Media Lab, Massachusetts Institute of Technology, Cambridge, MA, USA.
Department of Economics, University of Exeter Business School, Exeter, UK.
Nat Hum Behav. 2020 Feb;4(2):134-143. doi: 10.1038/s41562-019-0762-8. Epub 2019 Oct 28.
When an automated car harms someone, who is blamed by those who hear about it? Here we asked human participants to consider hypothetical cases in which a pedestrian was killed by a car operated under shared control of a primary and a secondary driver and to indicate how blame should be allocated. We find that when only one driver makes an error, that driver is blamed more regardless of whether that driver is a machine or a human. However, when both drivers make errors in cases of human-machine shared-control vehicles, the blame attributed to the machine is reduced. This finding portends a public under-reaction to the malfunctioning artificial intelligence components of automated cars and therefore has a direct policy implication: allowing the de facto standards for shared-control vehicles to be established in courts by the jury system could fail to properly regulate the safety of those vehicles; instead, a top-down scheme (through federal laws) may be called for.

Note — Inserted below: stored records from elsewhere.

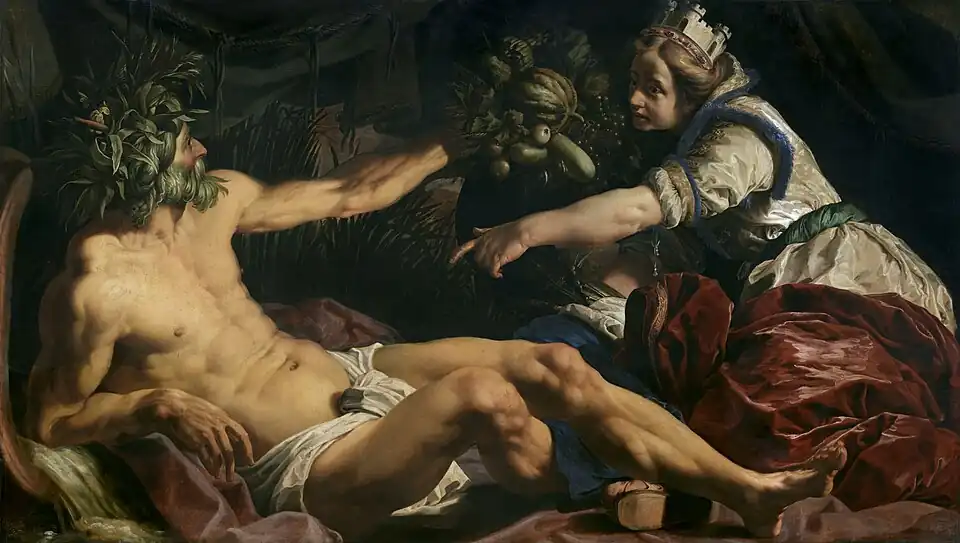 Scaldis et Antwerpia (1609), musée royal des Beaux-Arts d'Anvers.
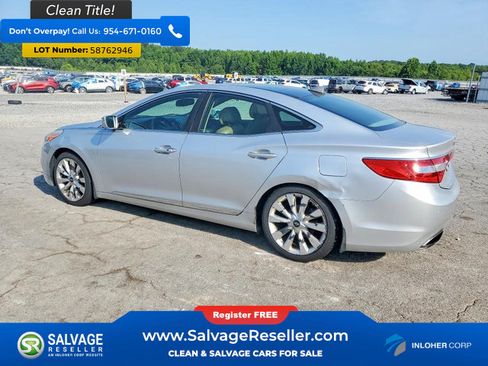 Used 2012 Hyundai Azera w/ Technology Pkg FWD image 3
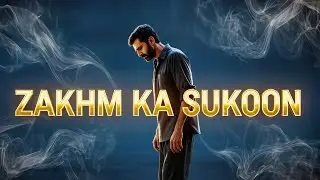 Zakhm Ka Sukoon | Heart Touching Sad Romantic Song | Emotional Lyrics | ANAM MUSIC OFFICIAL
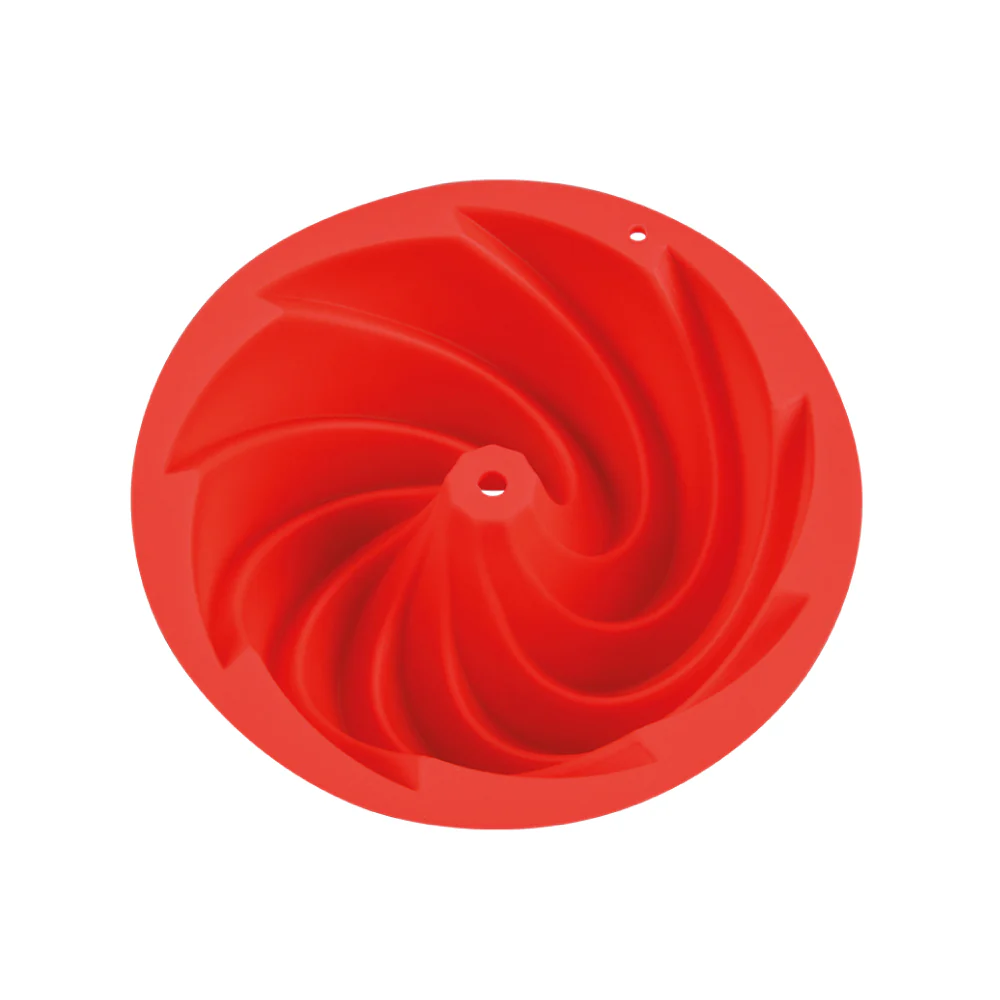Molde de Silicona Torta Espiral - Image 4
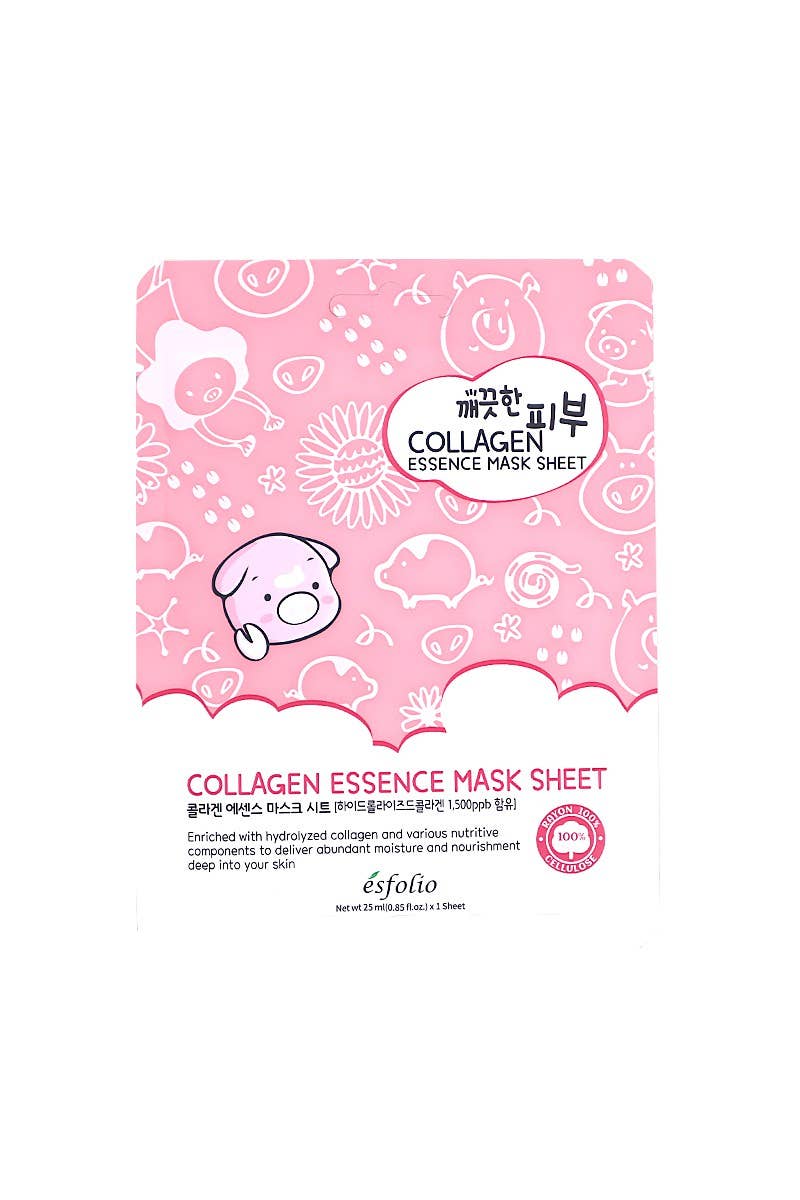 Collagen Essence Facial Mask Sheet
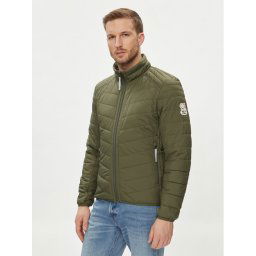 s.Oliver Átmeneti kabát 2125739 Zöld Regular Fit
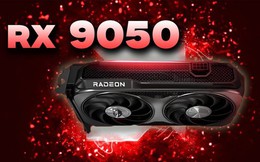 AMD chuẩn bị ra mắt Radeon RX 9050, dùng chung chip với RX 9060 XT nhưng bộ nhớ thấp hơn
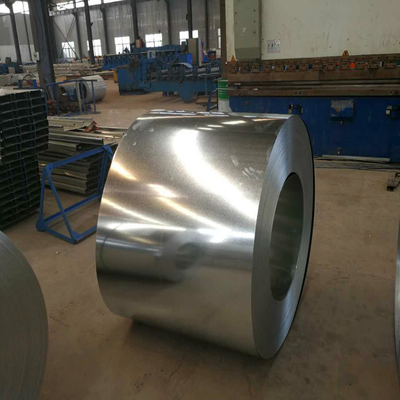 Az100 Galvalume Çelik Rulo Soğuk Haddelenmiş Levha Yuvarlak Rulo 0.35mm G550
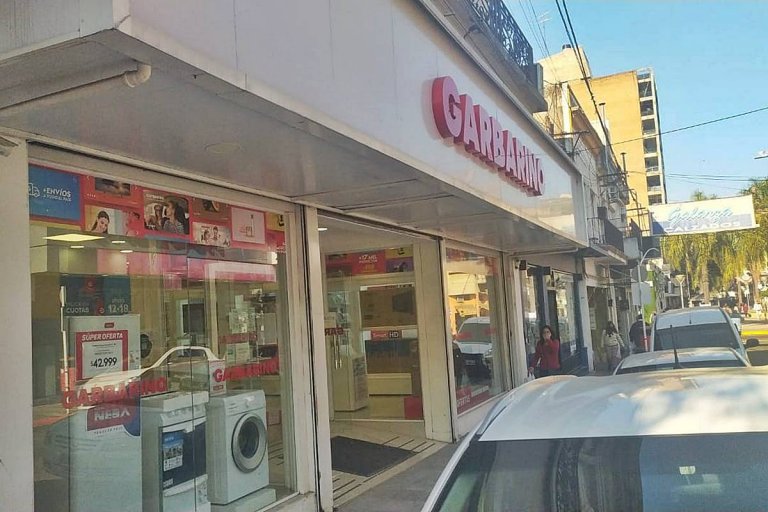La sucursal Concordia de Garbarino sufrió otra medida que pone en jaque su continuidad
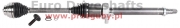 bmw (p) półoś przednia 1 (f40), 2 (f45/f46), x1 (f48) sdrive, x2 (f39) sdrive, mini (f54/f60) one 1.5 d (m.t.), l=930mm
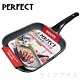 PERFECT 日式黑金鋼方型煎鍋-24cm-2入組 product thumbnail 1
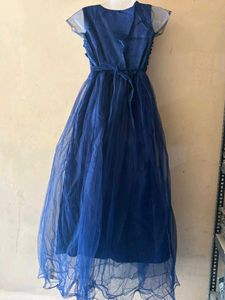 Blue Party Dress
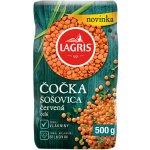 Lagris Čočka červená loupaná celá 0,5 kg – Zboží Dáma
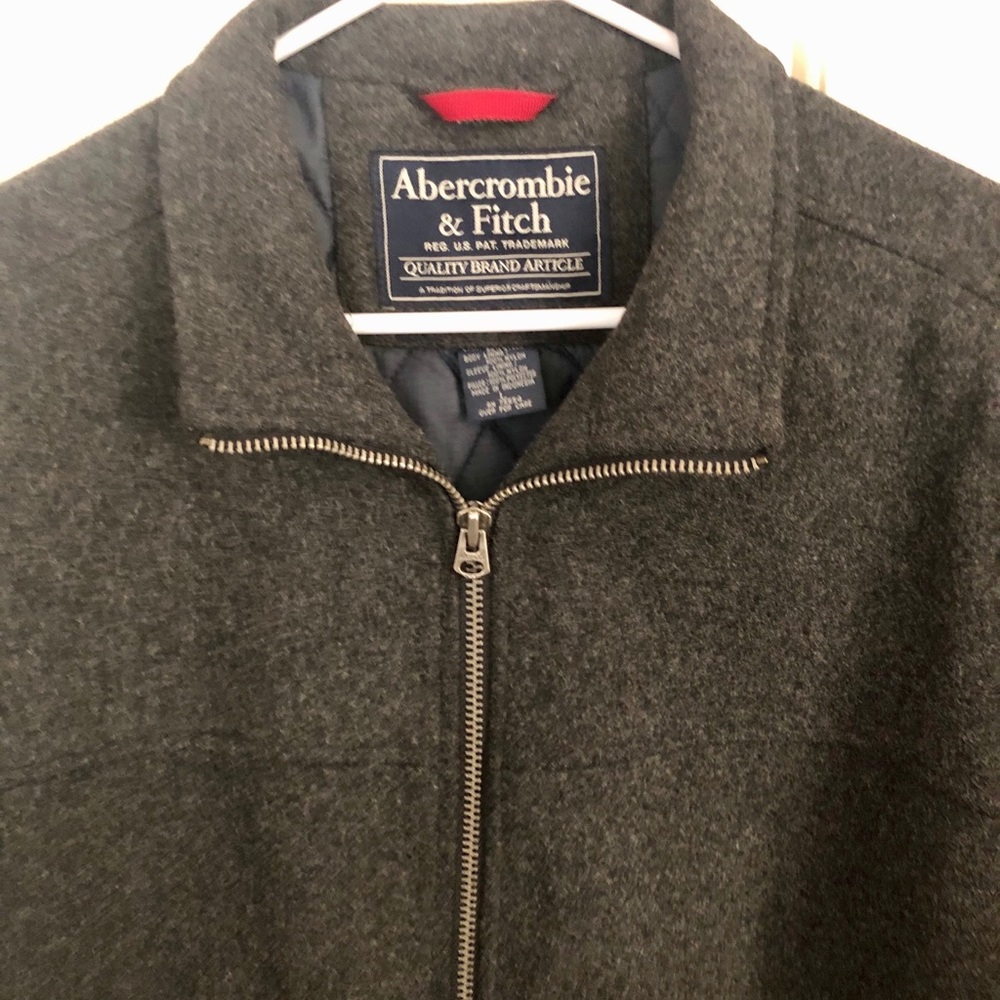Abercrombie & Fitch Wool Jacket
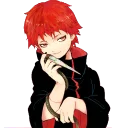 😏 emoji Sasori Telegram sticker 11 of 16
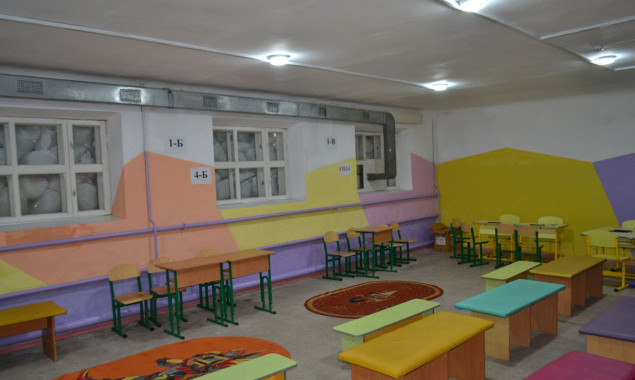 Укриття однієї з шкіл Голосієва планують відремонтувати за 1,8 млн гривень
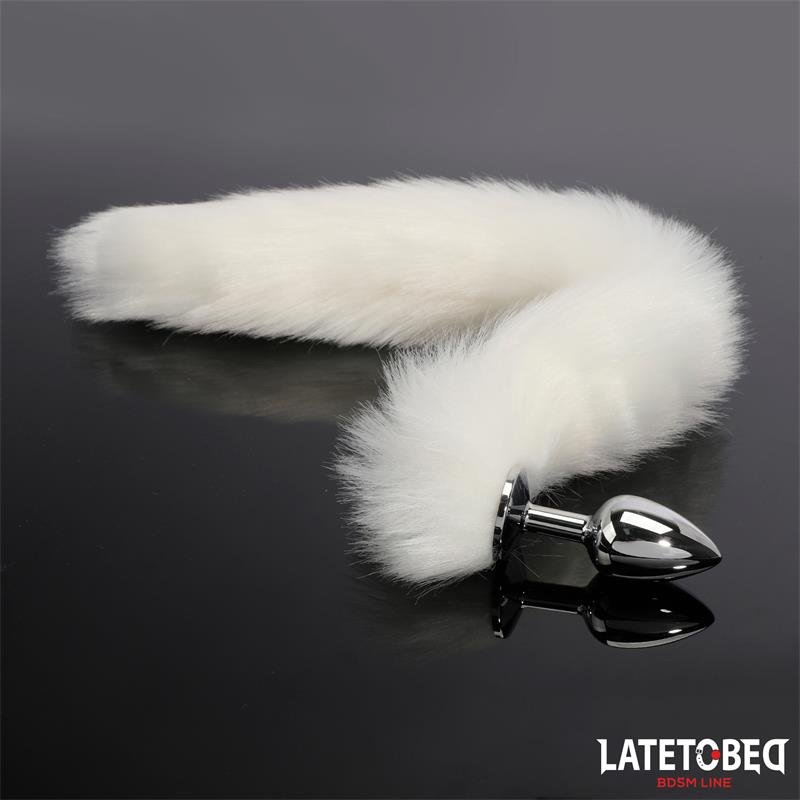 Late To Bed Anal Plug With Tail - Loveangels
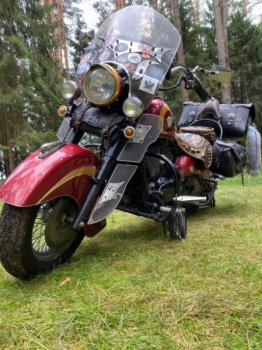 Kawasaki Vulcan Drifter, 1999 г.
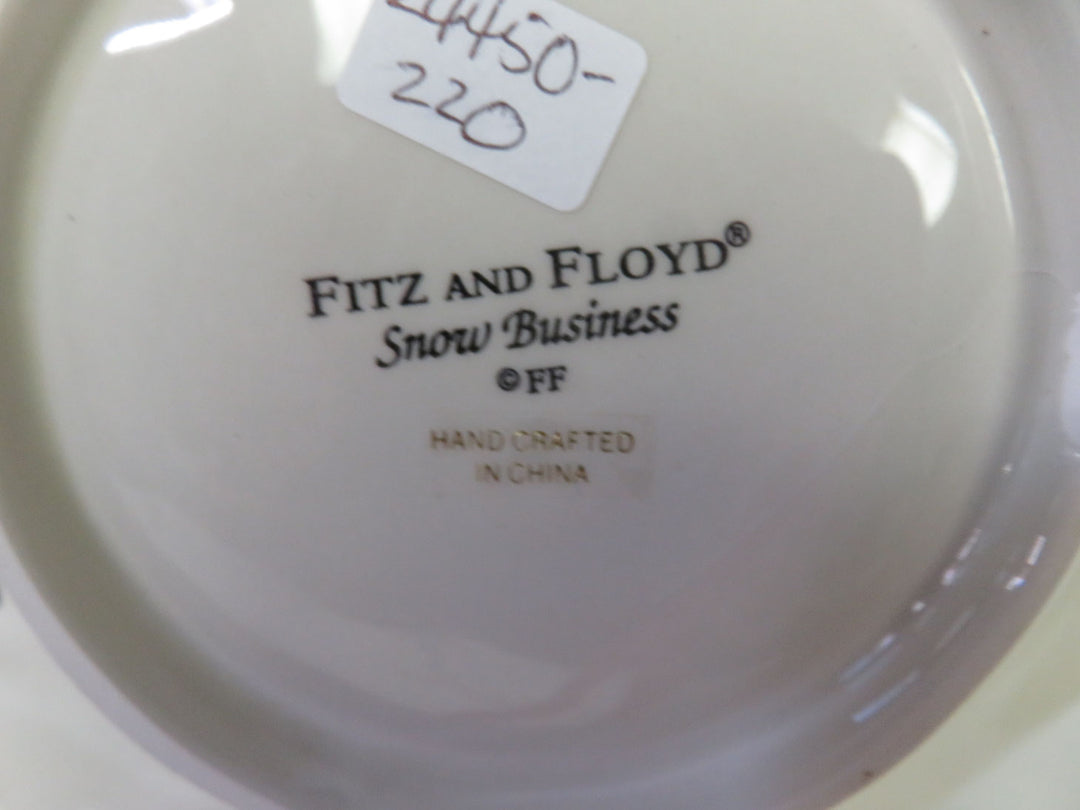 Fitz & Floyd Christmas Dish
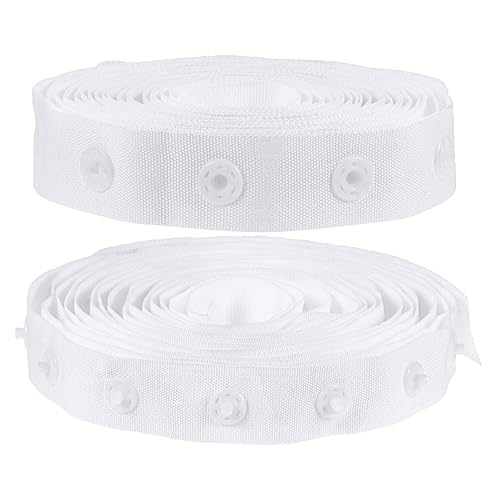 Uonlytech 1Stück Druckknopf Gurt Schnappverschluss für Nähprojekte für Kleidung Bodysuits und DIY Designs Band Sicher und Komfortabel der Anwendung von Uonlytech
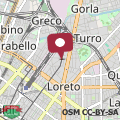 Map Stazione-Duomo- Apartment with Wi-Fi and Netflix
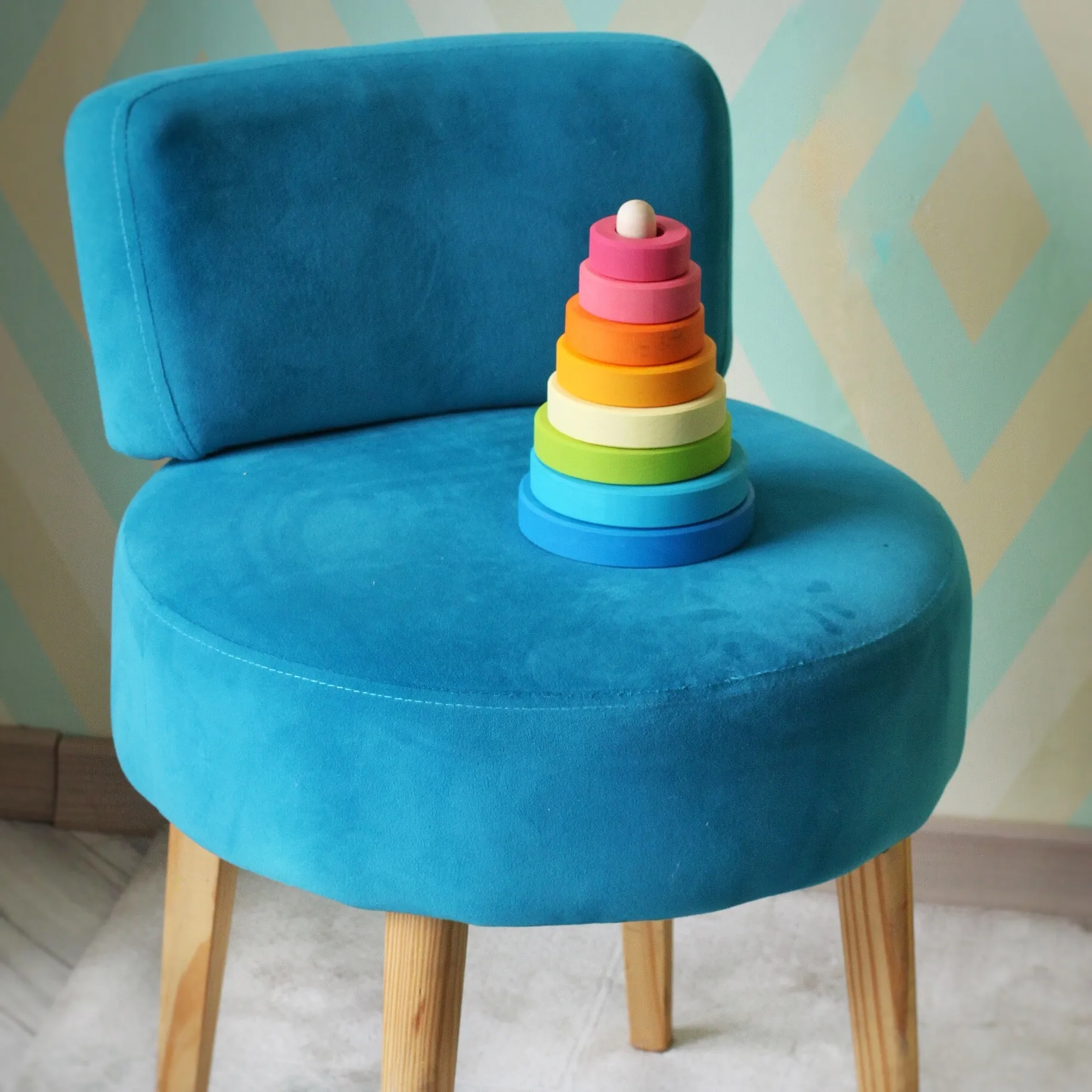 Пирамидка Skandico Пастель SK09002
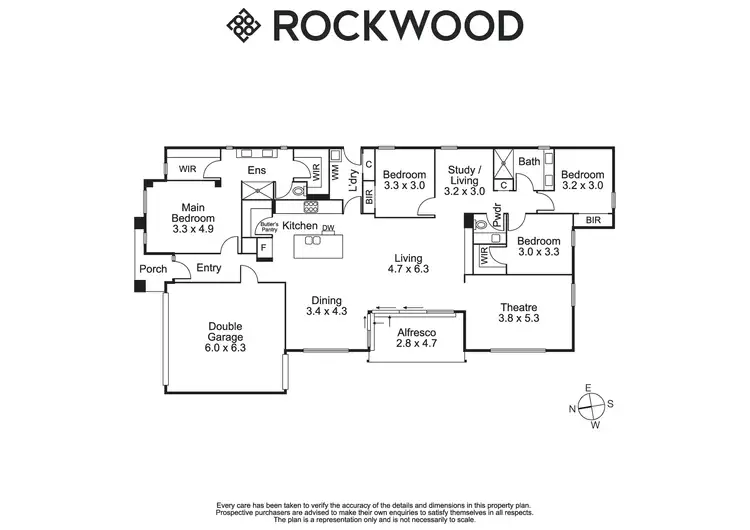 Floorplan of Homely house listing, 24 Brilliante Circuit, Langwarrin VIC 3910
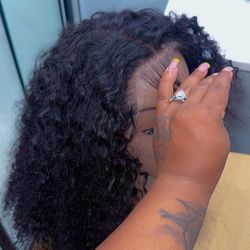 Human Hair Water Wave 18inch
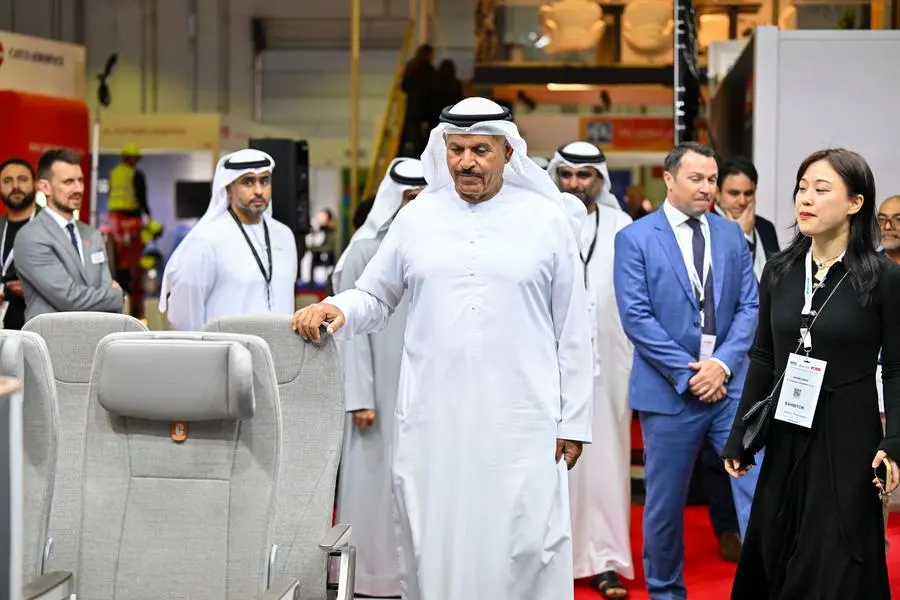 <p>H.E Khalifa Al Zaffin opens the largest edition of MRO Middle East and AIME</p>\\n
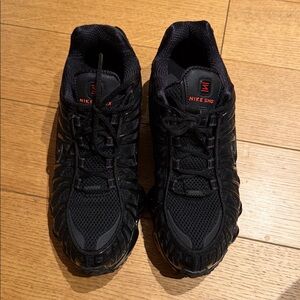 Nike Shox Black Sneakers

当自动驾驶汽车致人受伤时,人们会指责谁?我们在这里请人类参与者考虑这样一种假设情况:一名行人被一辆由主驾驶员和副驾驶员共同操控的汽车撞死,并表明应如何分配责任。我们发现,当只有一名驾驶员犯错时,无论该驾驶员是机器还是人类,该驾驶员都会受到更多的指责。但是,在人机共享控制车辆的情况下,如果两名驾驶员都犯了错误,则归咎于机器的责任会减轻。这一发现预示着公众对自动驾驶汽车中人工智能组件故障的反应不足,因此具有直接的政策意义:允许陪审团制度在法院中为共享控制车辆制定事实上的标准,可能无法正确监管这些车辆的安全;相反,可能需要采取自上而下的方案(通过联邦法律)。